Mais do que uma representação de costumes, havia a tentação de compor o livro como um estudo sobre os efeitos nefastos que os pecados da juventude exercem sobre a situação de vida posterior do “herói”. Porém, como o próprio título já diz, ele não se torna homossexual por meio de tentações ou maus hábitos, em absoluto, mas pelo fato de ter nascido homossexual. Em diferentes passagens, o escritor aponta para a tensão entre sua alma feminina e seus órgãos genitais, entre sua sensibilidade feminina e seu corpo masculino.

Mas mesmo sem os maus hábitos da escola, o homem nascido homossexual, que já antes de ingressar na instituição sonhava com muitas carícias, jamais fora capaz de se comportar conforme um homem de verdade.

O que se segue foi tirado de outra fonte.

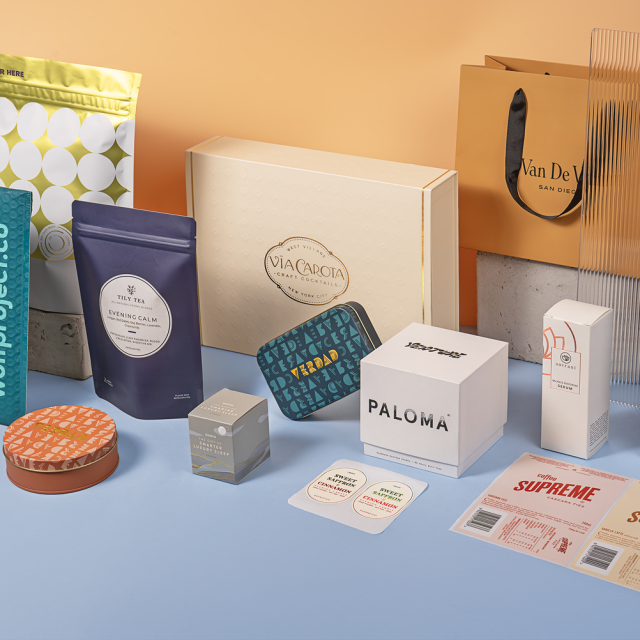 Retail brand packaging set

Por isso, justifica-se somente a caracterização da menina falha, bem como a representação da desarmonia e da desgraça do homossexual nato, que, ao contrário dos outros estudantes, não embarca em sensualidade viciosa e jogos sexuais, mas está condenado a perseguir, por toda sua vida, um ideal inalcançável; que já era ávido de amor na juventude, mas que não o encontrará com os colegas de vício, muito menos depois, com mulheres.

Enfim, algumas passagens também contêm muitos traços que servirão para compreender a psicologia do jovem uranista e que tencionam despertar certo interesse. Entretanto, foi completamente inútil e supérfluo, em se considerando o livro sob este ponto de vista, preencher dois terços do romance com extensas representações das alegrias sexuais das crianças. Que não se sustente, assim, a convicção de que isso tenha a ver com impuras segundas intenções do autor, uma ideia que o abjeto desenho da capa sugere: um monge, tarado e feio de dar dó, que segura um belo menino em seu colo.

(1) Termo comumente usado na zoologia para designar seres vivos não plenamente desenvolvidos, sobretudo insetos, que demonstram características tanto masculinas quanto femininas; do grego gynandros “de sexo dúbio”, “andrógino”, “hermafrodita”.